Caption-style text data
----------------------------------------

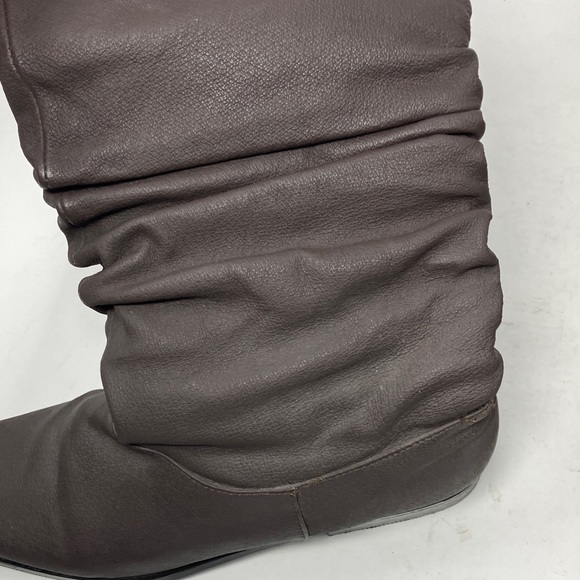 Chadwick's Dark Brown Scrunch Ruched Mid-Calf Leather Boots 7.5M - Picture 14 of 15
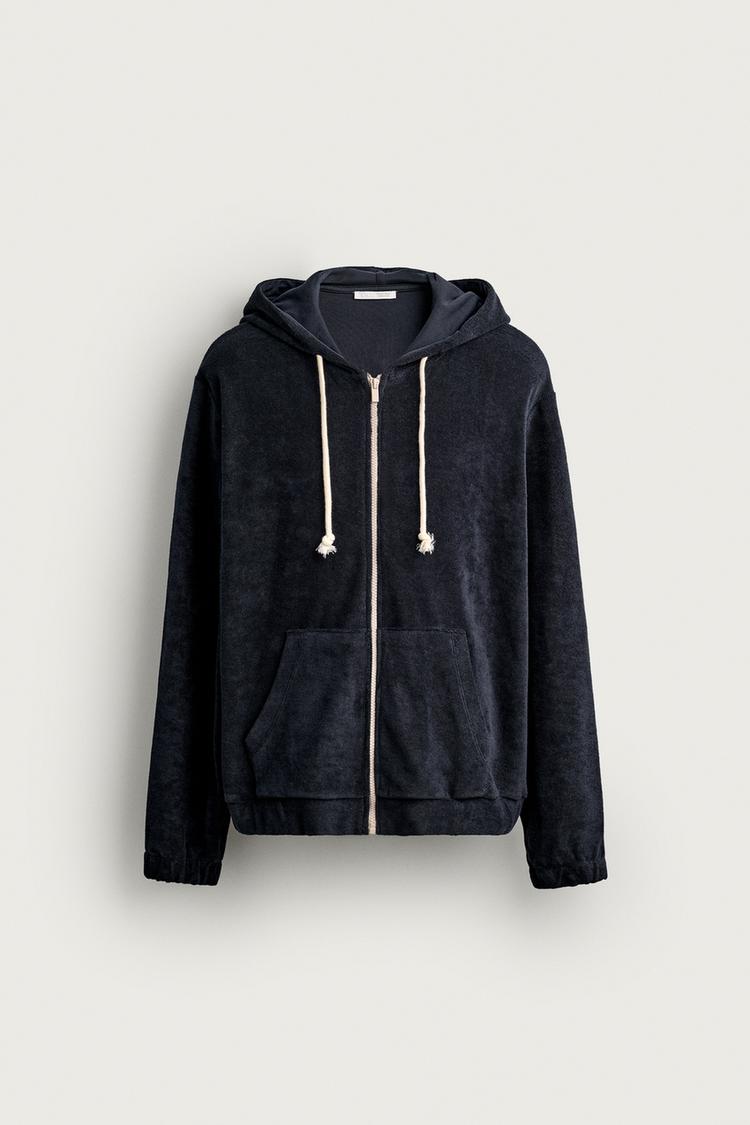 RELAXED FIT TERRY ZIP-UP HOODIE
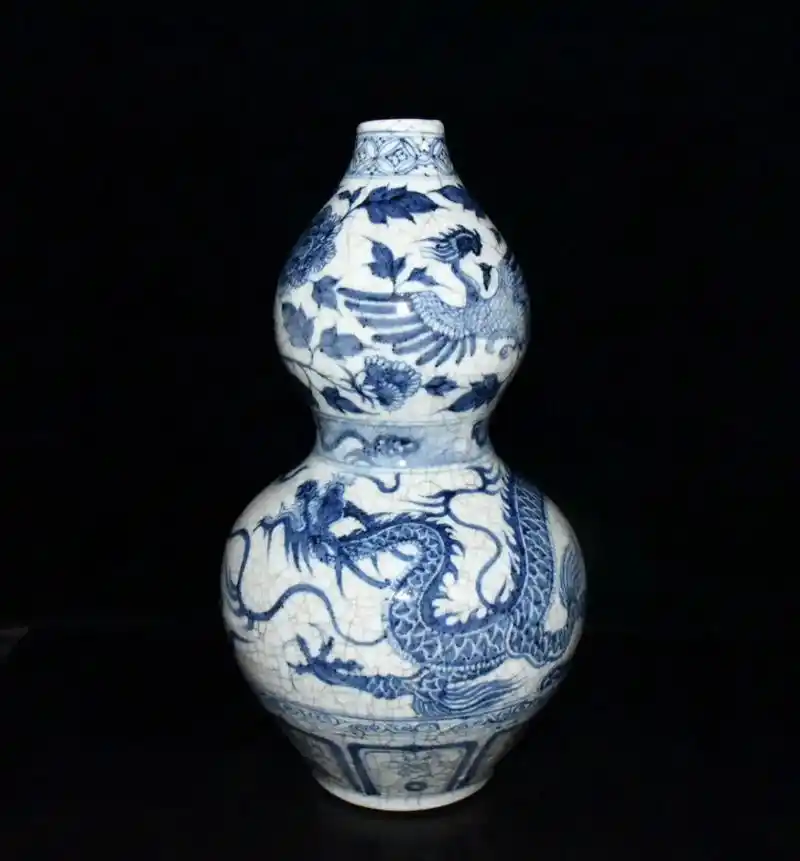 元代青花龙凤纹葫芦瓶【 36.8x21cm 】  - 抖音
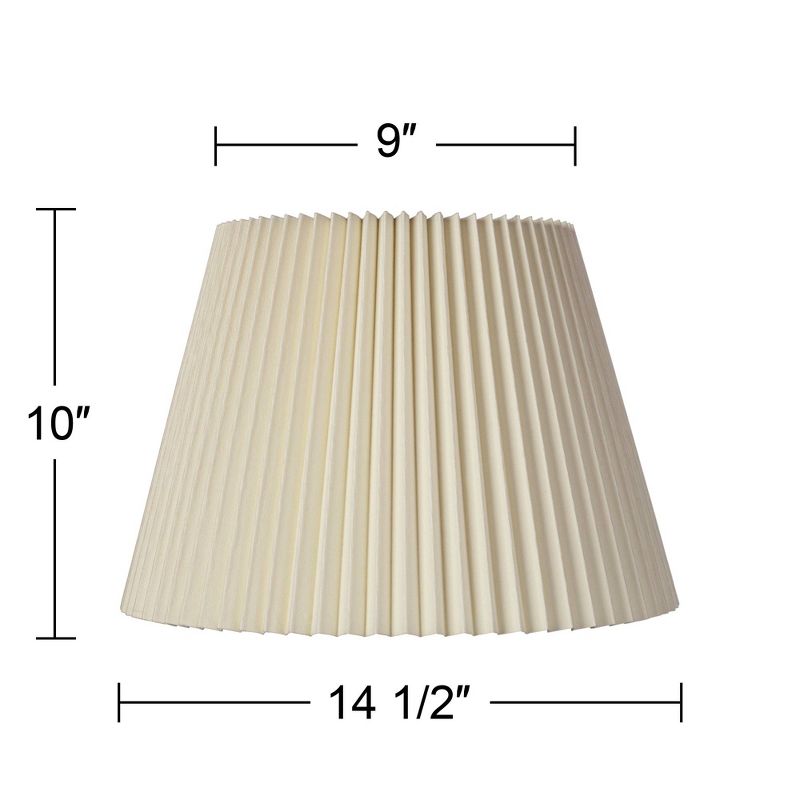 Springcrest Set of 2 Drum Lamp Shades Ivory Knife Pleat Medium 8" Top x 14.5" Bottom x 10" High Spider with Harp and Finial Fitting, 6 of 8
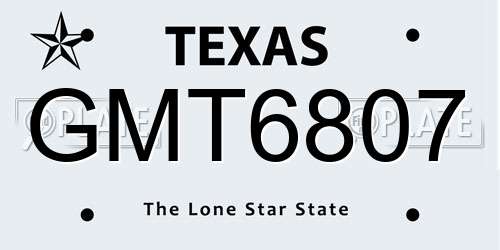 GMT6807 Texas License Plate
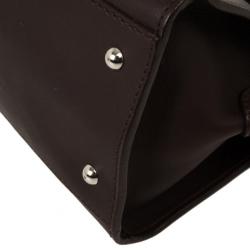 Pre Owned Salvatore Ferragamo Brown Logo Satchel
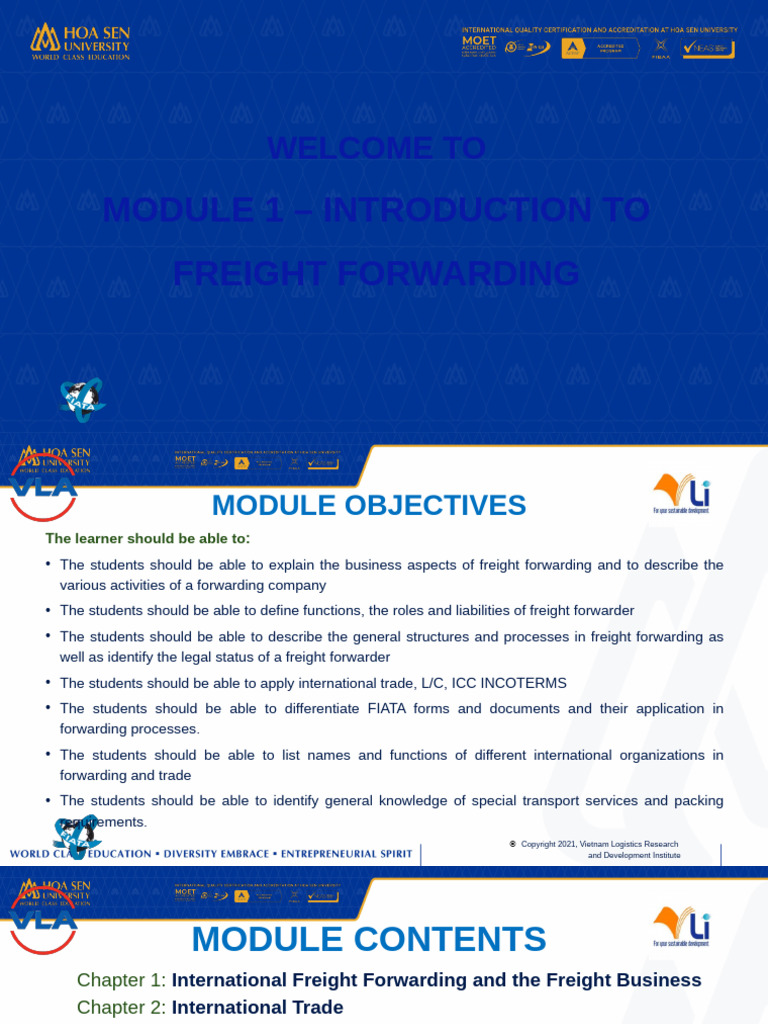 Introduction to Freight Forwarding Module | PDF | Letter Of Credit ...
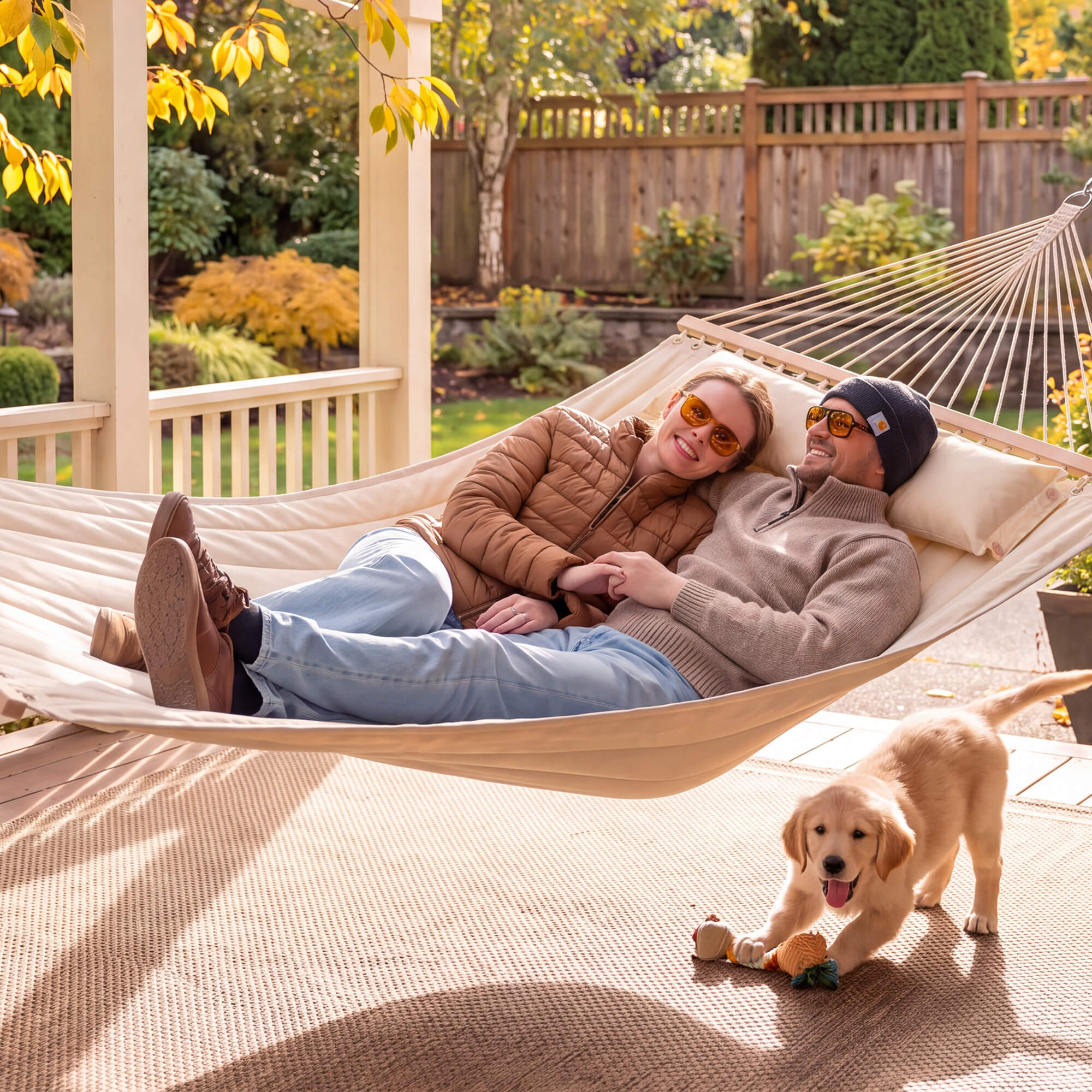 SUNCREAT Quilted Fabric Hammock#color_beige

----------------------------------------

WHAT YOU NEED TO DO: An exact copy is required of the lines from the one holding "Pre Owned Salvatore" to the end of the entries above, both included; no pictures belong in it.

WRITTEN RESPONSE:
 Pre Owned Salvatore Ferragamo Brown Logo Satchel
 Introduction to Freight Forwarding Module | PDF | Letter Of Credit ...
 SUNCREAT Quilted Fabric Hammock#color_beige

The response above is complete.